Visualization and quantification of pancreatic tumor stroma in fresh tissue via ultraviolet surface excitation

• Published in: Journal of biomedical optics Vol. 26; no. 1; p. 016002
• Main Authors: Vincent, Phuong, Bruza, Petr, Palisoul, Scott M, Gunn, Jason R, Samkoe, Kimberley S, Hoopes, P. Jack, Hasan, Tayyaba, Pogue, Brian W
• Format: Journal Article
• Language: English
• Published: United States Society of Photo-Optical Instrumentation Engineers 01.01.2021; S P I E - International Society for
• Subjects: Adenocarcinoma; Cameras; Collagen; Color; Dextran; Dextrans; Excitation; Feasibility studies; Field of view; Fluorescence; Histology; Imaging; Light emitting diodes; Morphology; Necrosis; Pancreas; Parameter identification; Pathology; Perfusion; Photodynamic therapy; Priming; Rhodamine; Software; Stains & staining; Stroma; Tissues; Tumors; Visible spectrum; Visualization; Xenotransplantation; Japan; pancreatic adenocarcinoma; microscopy with ultraviolet surface excitation; fluorescence imaging; photodynamic therapy; ultraviolet light; collagen imaging
• ISSN: 1083-3668; 1560-2281
• DOI: 10.1117/1.JBO.26.1.016002

Significance: The study has confirmed the feasibility of using ultraviolet (UV) excitation to visualize and quantify desmoplasia in fresh tumor tissue of pancreatic adenocarcinoma (PDAC) in an orthotopic xenograft mouse model, which provides a useful imaging platform to evaluate acute therapeutic responses.
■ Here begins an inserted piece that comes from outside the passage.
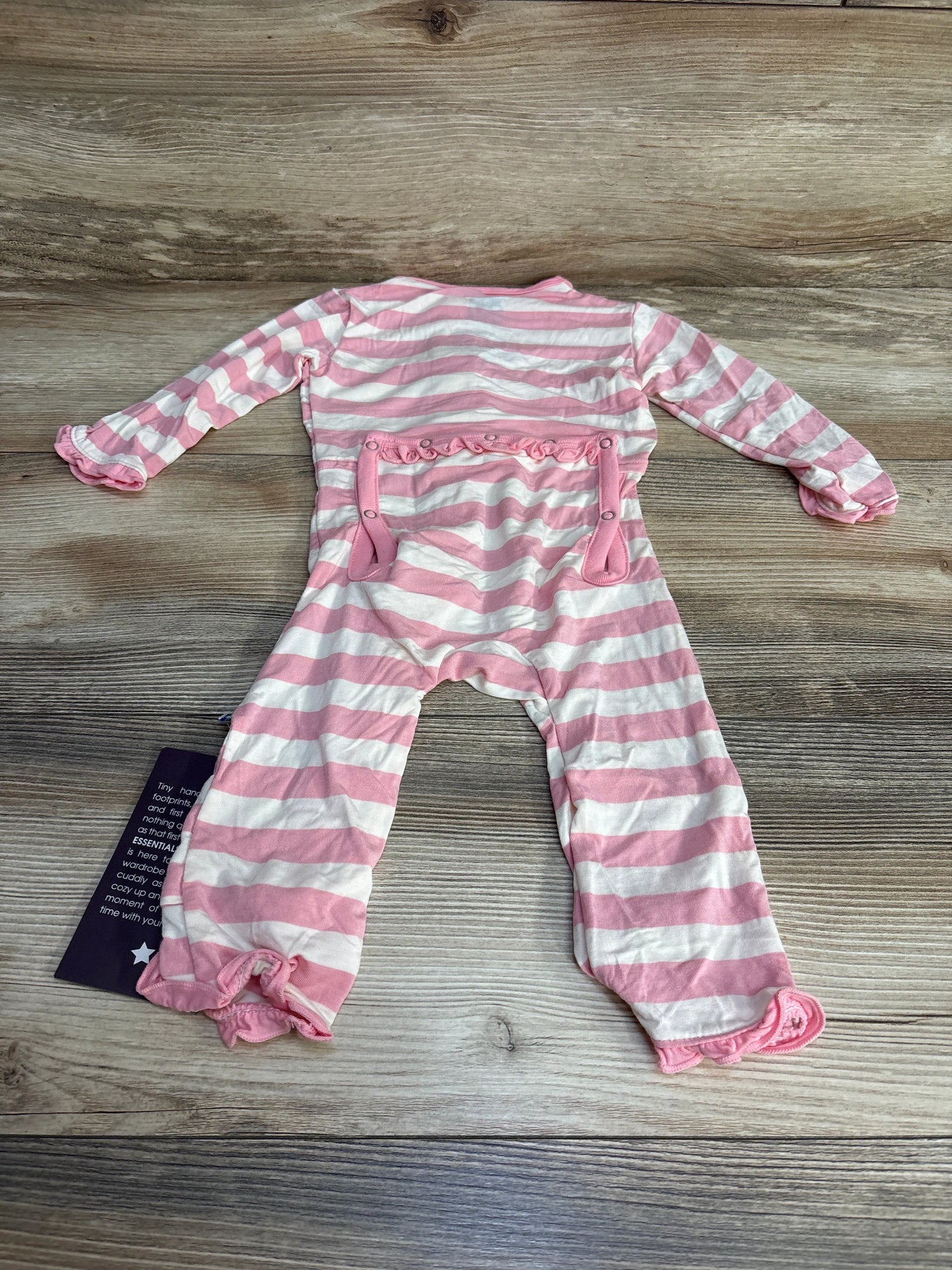 NEW KicKee Pants Classic Ruffle Coverall in Lotus Stripe sz 6-9m - Me n Mommy To Be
Aim: Stromal network of collagen prominent in PDAC tumors is examined by imaging fresh tissue samples stained with histological dyes. Fluorescence signals are color-transferred to mimic Masson’s trichrome staining. Approach: Murine tumor samples were stained with Hoechst, eosin, and rhodamine B and excited at 275-nm. Fluorescence signals in the visible spectrum were captured by a CMOS color camera with high contrast and resolution at whole-tumor slice field of view. Results: Fluorescence imaging using UV excitation is capable of visualizing collagen deposition in PDAC tumors. Both fluorescence and histology data showed collagen content of up to 30%. The collagen modulation effect due to photodynamic priming treatment was observed showing 13% of collagen reduction. Necrosis area is visible and perfusion imaging using Texas Red dextran is feasible. Conclusions: The study demonstrates collagen visualization in fresh PDAC tumor samples using UV excitation. This imaging platform also provides quantitative stromal information from fiber analysis and visibility of necrosis and perfusion, suitable for therapeutic response assessment of photodynamic therapy.